I’m not suggesting that you need to count every calorie – far from it. In fact, you need food to fuel your training properly. But if you do lose a few pounds, that’ll be less impact on your joints on those downhill sections.
Don’t forget the boots and socks!
If your walking boots are new, or they’re a little dusty from being packed away since last summer, get them on! Do as much of your walking training wearing the same footwear (boots and socks) you will wear on the day. That way you’ll work out ahead of time where potential blisters may occur, your feet can ‘harden up’ ready for the challenge and it will make for a much more pleasant experience – believe me!
We actually recommend that you have three pairs of socks – one for each peak. If it’s a rainy day or if the ground is boggy and you get wet feet it can be really demoralising. You wouldn’t believe how good it can feel to put a fresh pair of socks on at each checkpoint.
But they shouldn’t be just any old sports socks. If you can get proper hiking socks then do. They have additional cushioning in all of the right places and will come high up the ankle to prevent the boot rubbing on the back of your ankle.
Share your progress
All of our Challenge events are listed on our Facebook page so why don’t you join the event over there?

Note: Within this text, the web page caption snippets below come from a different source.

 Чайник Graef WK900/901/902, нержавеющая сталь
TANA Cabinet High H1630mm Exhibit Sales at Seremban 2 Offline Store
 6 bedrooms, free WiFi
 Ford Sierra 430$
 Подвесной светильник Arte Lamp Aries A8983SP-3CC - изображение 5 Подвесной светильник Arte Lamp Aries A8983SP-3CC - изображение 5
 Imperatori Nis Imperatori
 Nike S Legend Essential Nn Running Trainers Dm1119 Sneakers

It’s a great way to break the ice and get to know the group you’ll be walking with. And sharing your training progress and ideas can be motivating for you and for others.

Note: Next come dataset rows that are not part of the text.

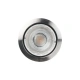 BIG FLUX grondspot Stainless Steel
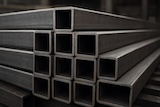 steel bars product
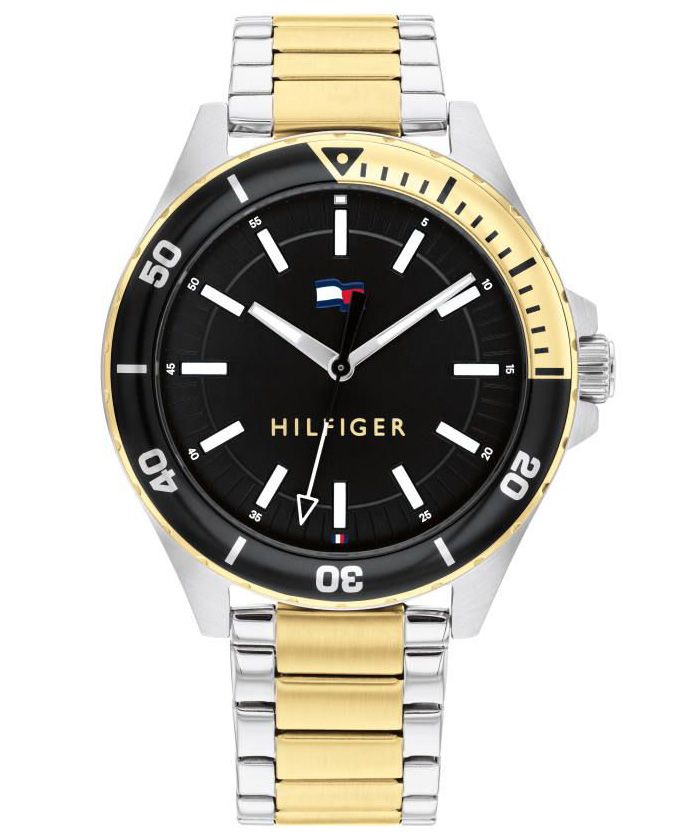 Tommy Hilfiger Logan 1792013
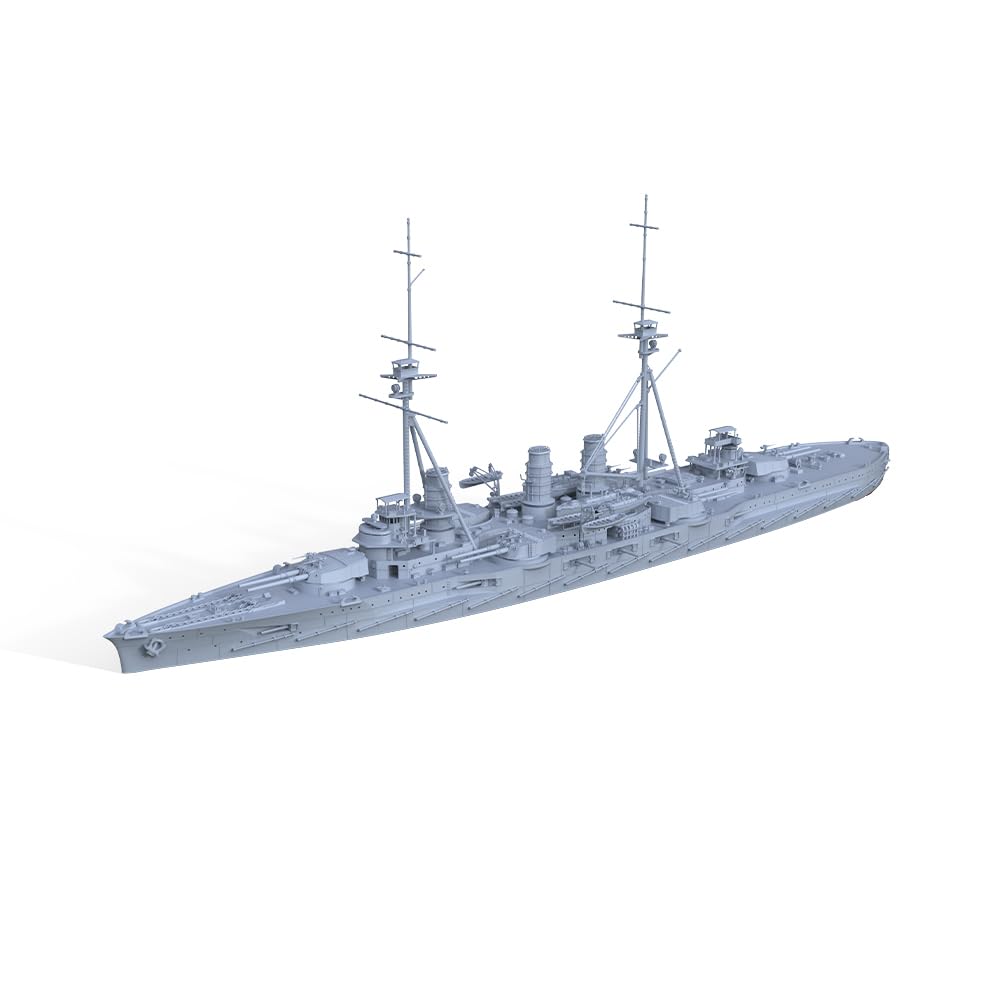 Amazon.co.jp: MRY-SFW: 1/144 軍艦模型キット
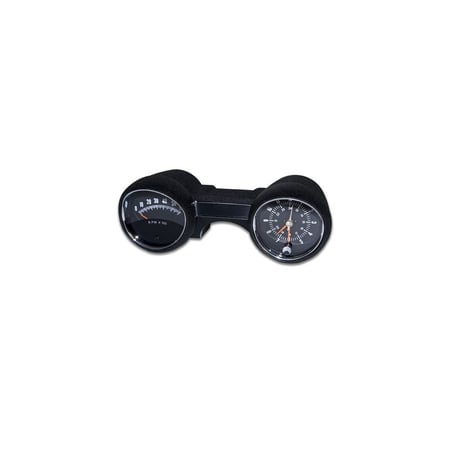 ref_200489_Rally pac v8 6000rpm Noir Scott Drake C5ZZ-10B960CBK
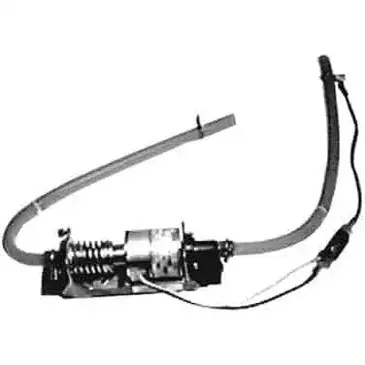 AllPoints Foodservice Parts & Supplies 68-1265 Motor / Motor Parts, Replacement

If you’re taking on the Yorkshire Three Peaks Challenge to raise money for charity, remember to update your supporters, letting them know how your training is going. Ask for their practical support in getting out on training walks with you – you can post about them on social media and you might just get more sponsorship money as as result.
If you can follow these tips for 8 weeks or more before your Challenge Day you will be giving yourself the best chance of being fit enough and ready to complete the full route.
Best of luck with your Yorkshire Three Peaks Challenge!